On peut s’attendre à un renforcement des tactiques visant à engendrer une pression tout terrain de la part des groupes de réflexion de droite, d’anciens généraux de l’armée et du lobby de l’armement.
Advenant une concrétisation de ces intentions, les dépenses militaires grèveront encore davantage le budget fédéral. Cela pèsera sur les dépenses fédérales consacrées aux programmes sociaux dont nous avons désespérément besoin, sans parler du coût dévastateur de la guerre et des opérations militaires pour notre climat.
3. On va faire la part belle aux intérêts des combustibles fossiles au Canada
« Drill, baby, drill »[Forez ! Forez ! Forez !] est le nouveau mot d’ordre de la politique énergétique de Trump.
Son administration va s’atteler au démantèlement de l’agenda vert mis au point par le président Joe Biden, dont la politique industrielle et les investissements massifs dans les énergies renouvelables ont établi une norme potentielle à atteindre pour le Canada.
Les cibles du démantèlement prévu par Trump comprennent des restrictions sur le forage dans les terres et les eaux publiques, des moratoires sur les nouveaux permis d’exportation de gaz naturel liquéfié et une réduction/suppression des subventions pour les véhicules électriques (avec probablement des exceptions pour ceux fabriqués par son ami Elon Musk).
Il aura un rapport d’autant plus intime avec les grandes compagnies pétrolières, ce qui n’est pas peu dire quand on pense que Trump a déjà choisi un ancien PDG d’ExxonMobil comme secrétaire d’État et un ancien lobbyiste du charbon pour diriger l’Agence de protection de l’environnement.
Mais cette fois-ci, la manipulation a été plus éhontée encore : il a demandé aux PDG du secteur pétrolier de faire un don d’un milliard de dollars américains à sa campagne en échange de la prise en compte de leur liste détaillée de mesures à prendre.
Il faut s’attendre à voir les lobbyistes et les PDG du secteur pétrolier canadien une fois de plus invoquer les arguments de la « compétitivité » pour faire pression sur le gouvernement canadien afin qu’il édulcore les politiques climatiques déjà peu contraignantes en vigueur au pays.
Et les compagnies pétrolières ne seront pas les seules à se réjouir.
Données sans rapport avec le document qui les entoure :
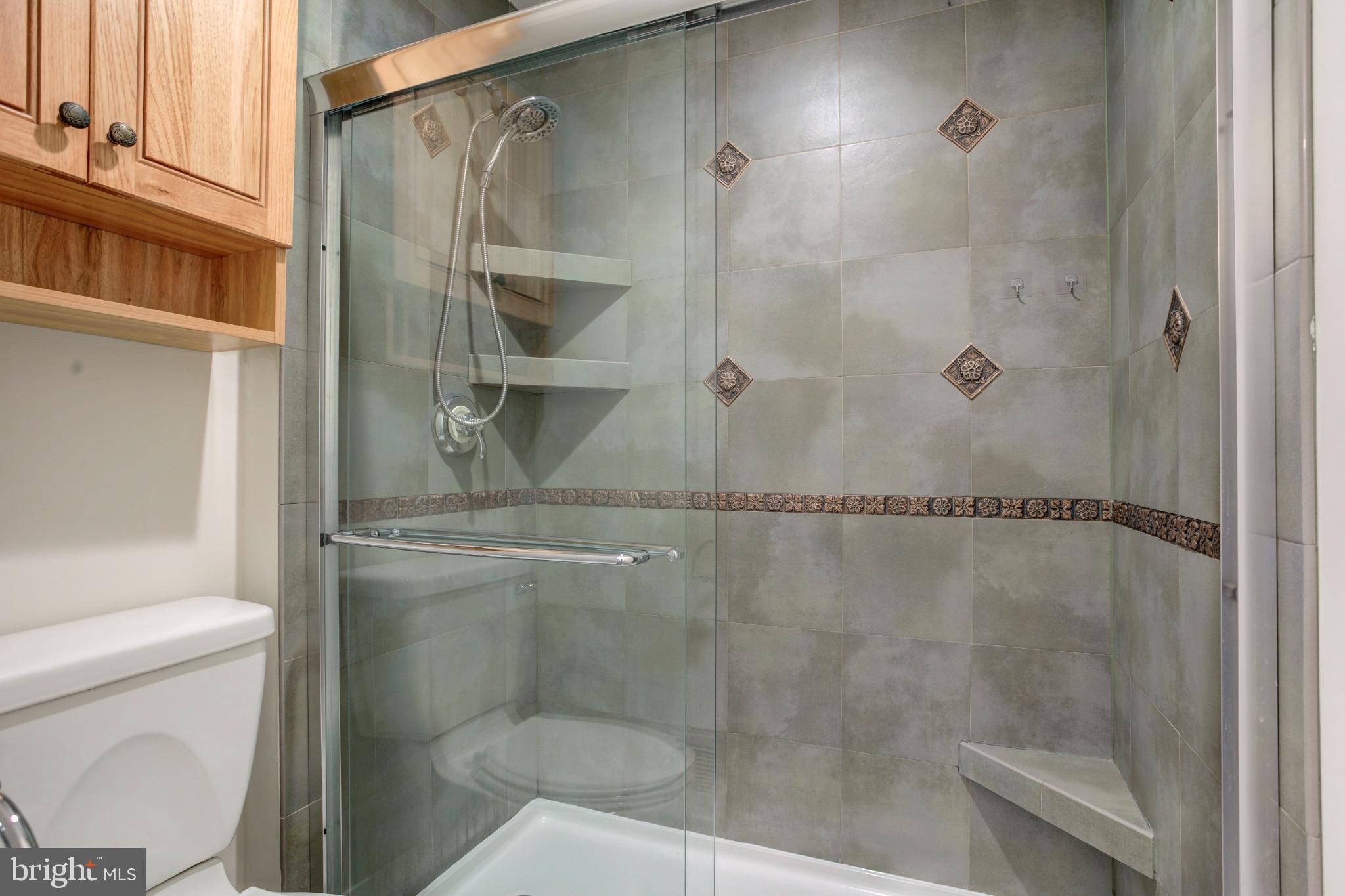 11908 Barrel Cooper Court Reston, VA 20191 - Photo 29 of 40 Sleek modern shower with elegant tile accents.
Alors que Justin Trudeau se pavanait comme un parangon des questions climatiques, le gouvernement fédéral s’est discrètement félicité du fait que Trump inverse le mouvement par rapport à l’opposition d’Obama à l’oléoduc Keystone XL.
« L’assermentation d’une nouvelle administration aux États-Unis qui reconnaît l’importance stratégique du rôle du Canada dans la sécurité énergétique nord-américaine est, jusqu’à présent, une nouvelle positive pour le secteur canadien de l’énergie dans la perspective d’une augmentation potentielle du commerce de l’énergie », peut-on lire dans un document d’information interne du gouvernement datant de 2017.
4. La haine anti-immigrés poussera un plus grand nombre de gens vers le Canada
Le dénigrement ulcérant des migrants a été l’un des moteurs les plus notables de la campagne de Trump.
Sa réélection fait désormais planer le spectre du rétablissement des interdictions de voyager pour les pays du Moyen-Orient, de l’agrandissement du mur frontalier et du plus grand effort de déportation de l’histoire des États-Unis (soulignons cependant que l’administration Biden a déporté plus de migrants en 2023 que Trump n’en a jamais expulsé en un an).
Quel que soit le degré de réalisation des promesses de Trump, le Canada peut s’attendre à ce que davantage de monde se présentent à ses portes.
Dans les 24 heures qui ont suivi l’élection, le nombre de recherches sur Google portant sur la question « Comment déménager au Canada » a augmenté de 5 000 %.
Au cours de la dernière présidence Trump, le nombre d’Américains cherchant à devenir résidents permanents ou à demander l’asile au Canada a connu un sommet.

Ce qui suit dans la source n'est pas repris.